B. spricht freiwillig über seine Erfahrungen, er hat sich von sich aus bei Antenne Kärnten gemeldet. Das bestätigt uns auch Programmchef Timm Bodner auf Anfrage.

Doch Medien tragen hier eine Verantwortung: Der Schutz der Betroffenen muss bei solchen sensiblen Themen Vorrang haben. Die Aufklärung darf nicht zur Inszenierung werden. Ist das gelungen?

Detailfragen können retraumatisieren

Die Falter-Enthüllungen rund um die Missbrauchsvorfälle im SOS Kinderdorf haben das ganze Land bewegt – und weite Kreise gezogen.
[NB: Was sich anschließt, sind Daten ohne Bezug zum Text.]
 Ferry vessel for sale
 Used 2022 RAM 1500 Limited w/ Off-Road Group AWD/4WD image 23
Zu Beginn stand das SOS-Kinderdorf Moosburg in Kärnten im Fokus, mittlerweile weiß man, dass sich das Misshandeln und Vertuschen bis in nepalesische Kinderdörfer gezogen hat. Und dass es sich wohl nur um die Spitze des Eisbergs handelt.
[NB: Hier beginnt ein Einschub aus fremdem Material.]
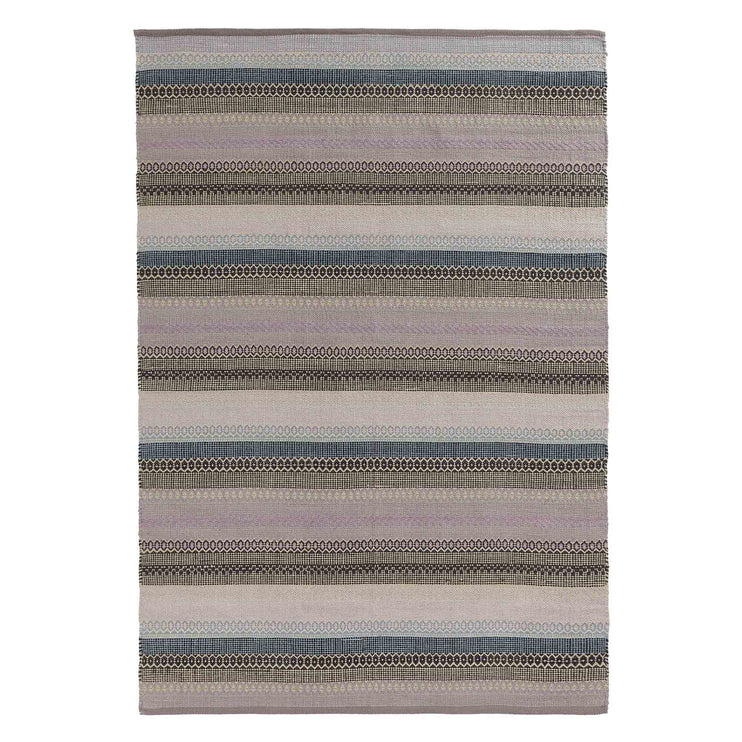 Aonla Rug in light green & light yellow & grey | Home & Living inspiration | URBANARA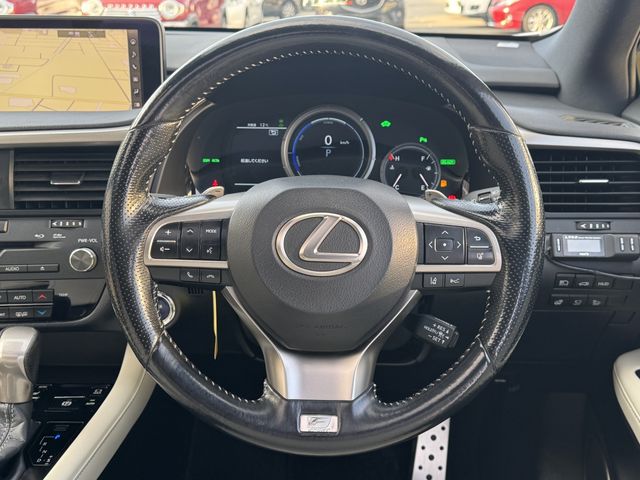 TOYOTA LEXUS RX450H AWD 2017 Image 31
Auch B. soll in Moosburg untergebracht gewesen sein, er ist heute ein erwachsener Mann. Seine Geschichte ist berührend und die Redakteurin bemüht sich, eine vertrauensvolle Situation zu schaffen. Mehrmals unterstreicht sie mit einem „Es tut mir leid“ ihr Mitgefühl. Doch obwohl sie ihrem Interviewpartner versichert, man müsse „nicht im Detail reden“, wird sehr viel im Detail geredet.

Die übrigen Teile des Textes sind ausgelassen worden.